▶ _What to produce_
The output should be every line below that includes the word "Long".

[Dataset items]
- - - -

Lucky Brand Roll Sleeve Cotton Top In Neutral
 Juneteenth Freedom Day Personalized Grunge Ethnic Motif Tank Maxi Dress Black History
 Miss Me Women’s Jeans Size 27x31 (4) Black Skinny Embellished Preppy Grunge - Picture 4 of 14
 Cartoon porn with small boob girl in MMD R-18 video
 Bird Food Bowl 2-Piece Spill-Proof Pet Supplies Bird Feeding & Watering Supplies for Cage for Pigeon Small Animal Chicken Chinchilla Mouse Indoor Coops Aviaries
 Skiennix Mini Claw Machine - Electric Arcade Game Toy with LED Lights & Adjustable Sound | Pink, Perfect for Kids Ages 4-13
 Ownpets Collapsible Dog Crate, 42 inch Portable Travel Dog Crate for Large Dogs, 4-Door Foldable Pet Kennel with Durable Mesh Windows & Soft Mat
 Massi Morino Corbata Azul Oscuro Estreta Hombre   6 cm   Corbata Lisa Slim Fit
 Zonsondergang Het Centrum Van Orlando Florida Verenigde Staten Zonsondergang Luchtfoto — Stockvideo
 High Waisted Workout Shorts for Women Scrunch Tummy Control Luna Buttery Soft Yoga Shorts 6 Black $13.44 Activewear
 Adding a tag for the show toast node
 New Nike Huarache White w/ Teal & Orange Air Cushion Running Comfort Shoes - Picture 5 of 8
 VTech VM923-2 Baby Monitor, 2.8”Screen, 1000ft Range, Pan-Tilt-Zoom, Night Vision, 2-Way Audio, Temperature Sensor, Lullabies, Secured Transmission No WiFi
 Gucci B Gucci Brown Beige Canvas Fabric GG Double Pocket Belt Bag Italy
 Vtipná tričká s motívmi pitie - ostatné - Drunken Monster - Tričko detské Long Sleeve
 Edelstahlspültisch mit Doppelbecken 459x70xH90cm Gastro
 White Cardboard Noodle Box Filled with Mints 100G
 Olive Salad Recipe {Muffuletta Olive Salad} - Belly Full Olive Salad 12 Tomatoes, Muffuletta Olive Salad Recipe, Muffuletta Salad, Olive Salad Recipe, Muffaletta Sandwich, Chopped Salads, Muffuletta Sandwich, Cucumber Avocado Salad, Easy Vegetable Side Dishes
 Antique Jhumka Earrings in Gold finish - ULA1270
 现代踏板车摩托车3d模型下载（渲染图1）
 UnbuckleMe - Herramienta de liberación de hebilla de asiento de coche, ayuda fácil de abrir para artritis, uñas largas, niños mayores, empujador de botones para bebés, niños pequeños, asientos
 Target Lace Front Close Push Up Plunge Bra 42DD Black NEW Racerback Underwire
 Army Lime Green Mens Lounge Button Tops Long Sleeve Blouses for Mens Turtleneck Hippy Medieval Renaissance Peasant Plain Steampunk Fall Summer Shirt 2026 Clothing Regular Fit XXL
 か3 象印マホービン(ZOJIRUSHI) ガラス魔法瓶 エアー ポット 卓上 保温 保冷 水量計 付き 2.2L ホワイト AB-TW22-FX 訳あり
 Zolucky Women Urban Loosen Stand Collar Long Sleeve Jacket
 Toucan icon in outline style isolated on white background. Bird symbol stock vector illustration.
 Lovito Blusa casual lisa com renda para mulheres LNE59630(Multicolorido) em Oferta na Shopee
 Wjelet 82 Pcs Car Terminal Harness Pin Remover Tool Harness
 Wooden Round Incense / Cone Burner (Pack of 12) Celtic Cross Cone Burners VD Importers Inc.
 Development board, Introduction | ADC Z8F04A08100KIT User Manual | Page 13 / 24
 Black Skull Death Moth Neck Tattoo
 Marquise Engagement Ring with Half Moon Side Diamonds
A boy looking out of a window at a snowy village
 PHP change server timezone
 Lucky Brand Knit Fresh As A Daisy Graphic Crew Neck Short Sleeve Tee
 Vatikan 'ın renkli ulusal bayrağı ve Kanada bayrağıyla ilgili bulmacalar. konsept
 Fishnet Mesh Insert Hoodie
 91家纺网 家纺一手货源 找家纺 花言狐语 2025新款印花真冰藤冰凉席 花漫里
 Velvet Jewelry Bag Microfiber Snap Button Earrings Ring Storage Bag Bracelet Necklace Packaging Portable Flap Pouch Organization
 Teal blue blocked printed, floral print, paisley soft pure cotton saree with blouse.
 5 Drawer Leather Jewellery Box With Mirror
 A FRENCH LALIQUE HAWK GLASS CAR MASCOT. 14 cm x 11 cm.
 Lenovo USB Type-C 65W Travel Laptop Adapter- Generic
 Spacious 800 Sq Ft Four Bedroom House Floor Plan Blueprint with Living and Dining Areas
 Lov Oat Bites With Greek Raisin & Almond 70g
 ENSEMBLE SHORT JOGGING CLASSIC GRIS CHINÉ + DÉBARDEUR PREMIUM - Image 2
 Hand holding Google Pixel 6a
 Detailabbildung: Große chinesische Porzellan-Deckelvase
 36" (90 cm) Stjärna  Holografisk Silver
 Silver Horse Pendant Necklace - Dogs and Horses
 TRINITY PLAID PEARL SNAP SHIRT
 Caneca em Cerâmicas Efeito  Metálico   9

- - - -

▶ _Written reply_
 Vtipná tričká s motívmi pitie - ostatné - Drunken Monster - Tričko detské Long Sleeve
 Army Lime Green Mens Lounge Button Tops Long Sleeve Blouses for Mens Turtleneck Hippy Medieval Renaissance Peasant Plain Steampunk Fall Summer Shirt 2026 Clothing Regular Fit XXL
 Zolucky Women Urban Loosen Stand Collar Long Sleeve Jacket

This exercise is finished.